Most of the major papers seem tired of this story. The New York Times, Washington Post, Los Angeles Times and Boston Globe all ran wire stories on the Carter Center/OAS press conference yesterday.

So all the more reason to go straight to Steven Dudley's piece in the Miami Herald today as he looks at what's next for the Chávez government. It's not a pretty picture:

After last Sunday's sweeping victory in a recall referendum, Venezuelan President Hugo Chávez has more power than ever. He has routed his political opponents; his party controls Congress; his associates run the judiciary and the powerful state oil company, PDVSA.

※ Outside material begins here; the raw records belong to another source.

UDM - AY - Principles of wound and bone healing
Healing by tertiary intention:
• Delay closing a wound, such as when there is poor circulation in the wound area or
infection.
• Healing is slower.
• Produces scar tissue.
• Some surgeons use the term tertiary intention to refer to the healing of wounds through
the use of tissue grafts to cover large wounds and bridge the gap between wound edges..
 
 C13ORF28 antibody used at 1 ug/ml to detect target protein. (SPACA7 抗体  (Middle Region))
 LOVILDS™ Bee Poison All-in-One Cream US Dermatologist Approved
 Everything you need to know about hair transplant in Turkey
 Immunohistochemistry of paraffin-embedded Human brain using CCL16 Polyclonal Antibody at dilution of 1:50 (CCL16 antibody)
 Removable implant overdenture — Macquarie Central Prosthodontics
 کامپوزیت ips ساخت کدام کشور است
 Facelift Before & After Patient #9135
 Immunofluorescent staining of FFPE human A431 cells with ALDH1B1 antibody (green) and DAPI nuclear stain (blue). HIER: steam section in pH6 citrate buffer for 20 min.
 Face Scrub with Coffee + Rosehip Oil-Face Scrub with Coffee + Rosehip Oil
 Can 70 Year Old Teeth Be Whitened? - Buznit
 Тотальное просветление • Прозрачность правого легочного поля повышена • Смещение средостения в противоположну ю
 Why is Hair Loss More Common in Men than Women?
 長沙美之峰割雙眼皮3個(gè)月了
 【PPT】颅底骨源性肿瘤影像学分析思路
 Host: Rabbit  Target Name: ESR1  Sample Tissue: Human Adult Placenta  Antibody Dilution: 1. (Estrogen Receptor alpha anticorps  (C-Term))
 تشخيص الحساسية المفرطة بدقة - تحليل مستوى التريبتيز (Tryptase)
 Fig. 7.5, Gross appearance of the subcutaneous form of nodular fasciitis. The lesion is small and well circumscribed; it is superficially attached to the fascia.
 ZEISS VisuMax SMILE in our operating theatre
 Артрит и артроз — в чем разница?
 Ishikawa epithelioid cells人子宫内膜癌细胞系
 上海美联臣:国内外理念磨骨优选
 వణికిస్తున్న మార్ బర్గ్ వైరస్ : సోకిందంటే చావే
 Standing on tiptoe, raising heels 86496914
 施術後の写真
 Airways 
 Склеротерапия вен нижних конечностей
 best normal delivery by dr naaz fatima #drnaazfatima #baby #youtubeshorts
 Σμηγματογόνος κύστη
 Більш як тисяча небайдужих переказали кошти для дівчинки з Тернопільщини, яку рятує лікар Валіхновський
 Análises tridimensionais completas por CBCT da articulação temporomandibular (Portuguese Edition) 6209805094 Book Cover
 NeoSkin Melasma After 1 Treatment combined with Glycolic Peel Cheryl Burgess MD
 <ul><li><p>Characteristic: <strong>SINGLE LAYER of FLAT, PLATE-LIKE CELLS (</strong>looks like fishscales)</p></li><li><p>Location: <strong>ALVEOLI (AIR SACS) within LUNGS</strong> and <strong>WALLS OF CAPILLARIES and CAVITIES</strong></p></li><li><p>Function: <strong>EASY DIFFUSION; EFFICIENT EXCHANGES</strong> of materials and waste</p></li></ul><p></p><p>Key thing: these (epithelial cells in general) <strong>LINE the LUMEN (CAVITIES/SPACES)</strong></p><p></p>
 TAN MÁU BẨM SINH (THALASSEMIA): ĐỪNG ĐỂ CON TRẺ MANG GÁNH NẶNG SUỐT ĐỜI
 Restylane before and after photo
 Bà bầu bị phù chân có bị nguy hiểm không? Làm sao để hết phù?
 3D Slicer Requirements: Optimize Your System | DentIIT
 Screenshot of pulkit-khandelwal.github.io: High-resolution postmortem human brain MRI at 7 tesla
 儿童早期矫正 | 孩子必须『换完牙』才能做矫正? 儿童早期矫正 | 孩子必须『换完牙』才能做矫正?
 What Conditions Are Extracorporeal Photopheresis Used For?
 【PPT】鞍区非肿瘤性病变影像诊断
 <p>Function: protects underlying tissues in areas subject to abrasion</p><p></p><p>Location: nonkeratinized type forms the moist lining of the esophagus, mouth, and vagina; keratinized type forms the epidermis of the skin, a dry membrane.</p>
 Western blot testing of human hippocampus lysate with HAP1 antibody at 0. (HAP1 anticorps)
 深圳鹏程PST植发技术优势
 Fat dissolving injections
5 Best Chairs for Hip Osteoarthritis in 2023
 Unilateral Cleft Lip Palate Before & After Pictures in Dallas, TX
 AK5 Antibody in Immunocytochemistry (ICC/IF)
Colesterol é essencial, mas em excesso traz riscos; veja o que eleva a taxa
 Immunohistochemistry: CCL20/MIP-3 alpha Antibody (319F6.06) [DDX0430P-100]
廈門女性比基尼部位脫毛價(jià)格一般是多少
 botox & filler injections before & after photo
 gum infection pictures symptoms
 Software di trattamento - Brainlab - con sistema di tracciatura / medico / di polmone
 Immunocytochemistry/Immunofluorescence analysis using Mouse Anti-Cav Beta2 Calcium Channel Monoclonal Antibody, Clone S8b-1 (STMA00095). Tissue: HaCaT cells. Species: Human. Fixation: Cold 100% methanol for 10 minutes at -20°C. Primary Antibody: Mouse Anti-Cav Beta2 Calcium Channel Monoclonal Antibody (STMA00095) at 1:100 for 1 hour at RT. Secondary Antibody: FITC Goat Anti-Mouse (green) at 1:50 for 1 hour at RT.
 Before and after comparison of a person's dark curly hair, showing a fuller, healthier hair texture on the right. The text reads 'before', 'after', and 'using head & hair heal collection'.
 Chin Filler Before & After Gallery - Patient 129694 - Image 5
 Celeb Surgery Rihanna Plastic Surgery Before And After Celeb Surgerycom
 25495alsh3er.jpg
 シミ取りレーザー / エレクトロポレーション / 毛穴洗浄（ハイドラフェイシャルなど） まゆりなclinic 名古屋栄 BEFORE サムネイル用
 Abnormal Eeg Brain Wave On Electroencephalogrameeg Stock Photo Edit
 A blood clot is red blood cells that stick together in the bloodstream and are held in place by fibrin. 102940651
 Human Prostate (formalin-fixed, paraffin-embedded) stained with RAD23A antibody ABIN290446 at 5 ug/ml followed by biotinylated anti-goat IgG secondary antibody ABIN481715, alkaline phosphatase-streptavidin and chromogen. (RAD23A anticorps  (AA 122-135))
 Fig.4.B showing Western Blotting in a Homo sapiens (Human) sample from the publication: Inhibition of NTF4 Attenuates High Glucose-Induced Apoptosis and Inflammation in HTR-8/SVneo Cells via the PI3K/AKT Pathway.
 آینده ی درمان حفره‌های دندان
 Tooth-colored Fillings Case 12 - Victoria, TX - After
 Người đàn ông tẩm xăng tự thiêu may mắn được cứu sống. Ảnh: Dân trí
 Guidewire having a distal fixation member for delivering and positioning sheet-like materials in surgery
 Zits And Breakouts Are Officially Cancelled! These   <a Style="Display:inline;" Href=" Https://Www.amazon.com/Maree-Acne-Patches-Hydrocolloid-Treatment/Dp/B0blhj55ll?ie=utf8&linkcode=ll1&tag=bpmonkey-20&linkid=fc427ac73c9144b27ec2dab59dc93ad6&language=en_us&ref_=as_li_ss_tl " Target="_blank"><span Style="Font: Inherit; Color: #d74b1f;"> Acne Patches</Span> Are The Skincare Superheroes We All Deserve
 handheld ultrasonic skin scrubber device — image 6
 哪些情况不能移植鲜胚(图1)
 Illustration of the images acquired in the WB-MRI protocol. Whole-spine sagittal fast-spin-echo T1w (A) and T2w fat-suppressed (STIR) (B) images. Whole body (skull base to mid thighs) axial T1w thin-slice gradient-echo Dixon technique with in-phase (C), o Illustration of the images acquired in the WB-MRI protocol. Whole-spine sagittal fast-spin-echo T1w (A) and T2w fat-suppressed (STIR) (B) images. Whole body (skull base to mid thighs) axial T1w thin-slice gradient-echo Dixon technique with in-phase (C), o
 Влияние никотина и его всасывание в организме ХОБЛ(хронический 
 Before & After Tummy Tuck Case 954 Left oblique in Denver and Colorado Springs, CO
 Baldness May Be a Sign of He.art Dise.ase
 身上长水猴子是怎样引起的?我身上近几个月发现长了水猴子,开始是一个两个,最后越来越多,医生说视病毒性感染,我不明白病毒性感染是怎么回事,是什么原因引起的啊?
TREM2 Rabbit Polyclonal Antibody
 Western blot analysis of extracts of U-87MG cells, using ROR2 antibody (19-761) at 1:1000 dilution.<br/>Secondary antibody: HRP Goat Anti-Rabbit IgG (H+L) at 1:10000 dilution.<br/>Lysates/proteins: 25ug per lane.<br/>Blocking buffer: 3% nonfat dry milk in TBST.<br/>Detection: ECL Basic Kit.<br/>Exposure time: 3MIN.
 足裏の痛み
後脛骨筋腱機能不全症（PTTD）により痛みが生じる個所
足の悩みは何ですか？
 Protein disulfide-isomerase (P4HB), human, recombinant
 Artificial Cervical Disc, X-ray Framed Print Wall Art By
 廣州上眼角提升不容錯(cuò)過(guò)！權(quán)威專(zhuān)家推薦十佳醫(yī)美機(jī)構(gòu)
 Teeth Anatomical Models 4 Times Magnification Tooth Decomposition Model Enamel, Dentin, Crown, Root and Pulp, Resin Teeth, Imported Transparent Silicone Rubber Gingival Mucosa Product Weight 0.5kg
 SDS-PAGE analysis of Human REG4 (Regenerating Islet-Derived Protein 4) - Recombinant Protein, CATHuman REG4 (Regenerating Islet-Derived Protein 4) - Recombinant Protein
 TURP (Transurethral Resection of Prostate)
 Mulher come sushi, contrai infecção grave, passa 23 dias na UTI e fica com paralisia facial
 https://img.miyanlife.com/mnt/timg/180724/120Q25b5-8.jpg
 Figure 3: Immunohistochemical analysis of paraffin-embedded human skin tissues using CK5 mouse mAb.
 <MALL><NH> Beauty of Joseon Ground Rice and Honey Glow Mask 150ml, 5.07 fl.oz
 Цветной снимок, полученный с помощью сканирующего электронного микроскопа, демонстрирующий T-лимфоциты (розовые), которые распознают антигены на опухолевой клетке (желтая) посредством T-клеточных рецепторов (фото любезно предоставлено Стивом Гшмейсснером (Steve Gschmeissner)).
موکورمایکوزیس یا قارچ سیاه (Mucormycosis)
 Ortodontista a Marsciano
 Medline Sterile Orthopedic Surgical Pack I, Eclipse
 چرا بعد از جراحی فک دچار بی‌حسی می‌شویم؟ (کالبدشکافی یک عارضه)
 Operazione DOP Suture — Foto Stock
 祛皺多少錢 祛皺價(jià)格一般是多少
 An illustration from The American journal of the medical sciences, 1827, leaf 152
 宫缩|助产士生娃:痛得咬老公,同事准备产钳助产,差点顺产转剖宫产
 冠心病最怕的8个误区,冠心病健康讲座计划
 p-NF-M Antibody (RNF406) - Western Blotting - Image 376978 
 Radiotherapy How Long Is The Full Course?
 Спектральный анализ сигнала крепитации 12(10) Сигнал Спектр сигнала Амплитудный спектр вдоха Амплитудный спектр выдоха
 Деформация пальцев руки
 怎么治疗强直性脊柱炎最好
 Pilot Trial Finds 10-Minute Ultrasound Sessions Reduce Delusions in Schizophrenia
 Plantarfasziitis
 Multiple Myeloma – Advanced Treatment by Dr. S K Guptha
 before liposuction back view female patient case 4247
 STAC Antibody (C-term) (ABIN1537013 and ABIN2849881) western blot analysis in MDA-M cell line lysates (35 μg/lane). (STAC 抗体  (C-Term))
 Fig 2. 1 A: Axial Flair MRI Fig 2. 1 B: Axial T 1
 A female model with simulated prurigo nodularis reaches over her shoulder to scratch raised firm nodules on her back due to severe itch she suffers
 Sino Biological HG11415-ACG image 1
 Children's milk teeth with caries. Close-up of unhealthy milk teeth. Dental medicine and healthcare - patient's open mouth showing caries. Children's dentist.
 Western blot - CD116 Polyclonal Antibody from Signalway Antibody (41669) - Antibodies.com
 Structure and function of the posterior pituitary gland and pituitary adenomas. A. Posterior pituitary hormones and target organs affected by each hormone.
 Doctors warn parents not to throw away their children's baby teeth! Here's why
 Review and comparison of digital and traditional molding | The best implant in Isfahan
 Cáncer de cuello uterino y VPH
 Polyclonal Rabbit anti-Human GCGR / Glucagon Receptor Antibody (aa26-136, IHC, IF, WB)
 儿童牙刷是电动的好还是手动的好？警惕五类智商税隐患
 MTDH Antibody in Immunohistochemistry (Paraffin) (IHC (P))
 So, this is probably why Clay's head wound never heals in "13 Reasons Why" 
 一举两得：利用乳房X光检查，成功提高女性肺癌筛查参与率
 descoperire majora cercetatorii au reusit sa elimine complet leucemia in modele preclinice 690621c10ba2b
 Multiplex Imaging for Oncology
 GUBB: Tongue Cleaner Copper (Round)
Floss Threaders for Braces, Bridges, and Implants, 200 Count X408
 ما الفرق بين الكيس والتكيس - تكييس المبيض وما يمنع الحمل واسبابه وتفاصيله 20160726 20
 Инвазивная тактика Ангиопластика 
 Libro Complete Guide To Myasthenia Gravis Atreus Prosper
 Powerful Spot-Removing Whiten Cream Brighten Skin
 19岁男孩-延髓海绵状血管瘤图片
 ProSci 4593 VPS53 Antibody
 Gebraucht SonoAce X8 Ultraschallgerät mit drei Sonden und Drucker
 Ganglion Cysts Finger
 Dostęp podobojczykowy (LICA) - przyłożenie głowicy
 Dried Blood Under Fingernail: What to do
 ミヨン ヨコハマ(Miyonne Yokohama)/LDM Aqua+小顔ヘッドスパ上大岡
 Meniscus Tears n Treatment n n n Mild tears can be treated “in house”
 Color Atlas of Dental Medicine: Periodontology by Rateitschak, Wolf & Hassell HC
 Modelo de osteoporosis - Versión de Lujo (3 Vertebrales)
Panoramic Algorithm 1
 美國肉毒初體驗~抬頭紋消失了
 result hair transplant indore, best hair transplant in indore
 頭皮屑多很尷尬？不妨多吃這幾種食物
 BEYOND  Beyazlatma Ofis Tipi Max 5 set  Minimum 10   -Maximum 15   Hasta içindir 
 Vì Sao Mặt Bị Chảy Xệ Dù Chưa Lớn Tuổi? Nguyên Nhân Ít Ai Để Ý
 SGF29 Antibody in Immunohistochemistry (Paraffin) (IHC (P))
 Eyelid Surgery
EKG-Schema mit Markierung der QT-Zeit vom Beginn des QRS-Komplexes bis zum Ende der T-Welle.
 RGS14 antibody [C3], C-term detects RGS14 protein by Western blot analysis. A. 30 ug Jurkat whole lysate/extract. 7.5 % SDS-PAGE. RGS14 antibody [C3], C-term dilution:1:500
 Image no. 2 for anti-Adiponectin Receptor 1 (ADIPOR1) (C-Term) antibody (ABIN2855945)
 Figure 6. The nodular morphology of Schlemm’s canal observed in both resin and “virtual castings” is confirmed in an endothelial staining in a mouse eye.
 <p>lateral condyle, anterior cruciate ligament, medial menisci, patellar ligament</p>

He has even silenced his favorite foreign target, the United States, and won the praise of governments around the world for overseeing an unprecedented show of democracy -- 10 million people, or 75 percent of the registered voters, waited an average of eight hours to cast their ballots.

Now many are wondering what Chávez will do next to consolidate the "Bolivarian revolution" on behalf of Venezuela's poor that he so boldly launched in 1998. The answer is as complicated as the president himself, and could have far-reaching implications for the country and the region.

For starters, Chávez is proposing a dialogue with opposition politicians and increased social welfare. But analysts predict he will also seek to exert more control over the security forces as well as expand his influence over Latin America. The United States, in turn, may be hard-pressed to slow him down....

But Chávez has also said the government is ready to move to the next phase of his revolution, beyond the literacy "missions" that are some of his government's most successful programs to date.

"The next thing we have to do is address the poverty issue," said William Izarra, a Chávez movement ideologue. "This is what we live for."

Izarra says the government will use what are called "patrols" -- small groups of militants who fan out into poor neighborhoods to expand the social programs.

"This is no longer a top down structure," Izarra explained.

But at the same time as his men talk of power from below, Chávez continues strengthening his hold from above.

One of the president's first priorities in this next phase, says Alberto Garrido, who has written several books on the president, will be centralizing control of the security forces.

Following a coup in April 2002 that ousted him for 48 hours, Chávez has spent the last two years cleansing the armed forces of unfriendly officers. Garrido says it's now the police's turn.

"Remember, the final goal is to have civic-military revolution. It's peaceful, but it's armed," he said, using the term, ''civic-military,'' that Chávez himself has used.

Garrido added that the neighborhood "patrols" that will be spreading Chávez's social agenda will also offer an extra blanket of security for the government.

Maribel Castillo, a leader of the pro-Chávez political party Podemos -- We Can -- said there will also be an effort to consolidate the various pro-Chávez political groups.

"Inside the revolution, the Commander [Chávez] says there's a lot we have to purge," she said. "What we want is a single party."

The "patrols" will also be training people ideologically, educating them about a continent-wide revolution that Chávez advocates. Garrido believes that this is the centerpiece of Chávez's plan....

Some Venezuelans are afraid of where else Chávez's increasing power may lead him. "There's a real danger of totalitarianism," said Teodoro Petkoff, a former leftist Venezuelan guerrilla who is editor of the independent newspaper TalCual. "I'm not going to say that Chávez is a dictator. But obviously there's been a tendency to control Congress, the Supreme Court and the other branches" of government.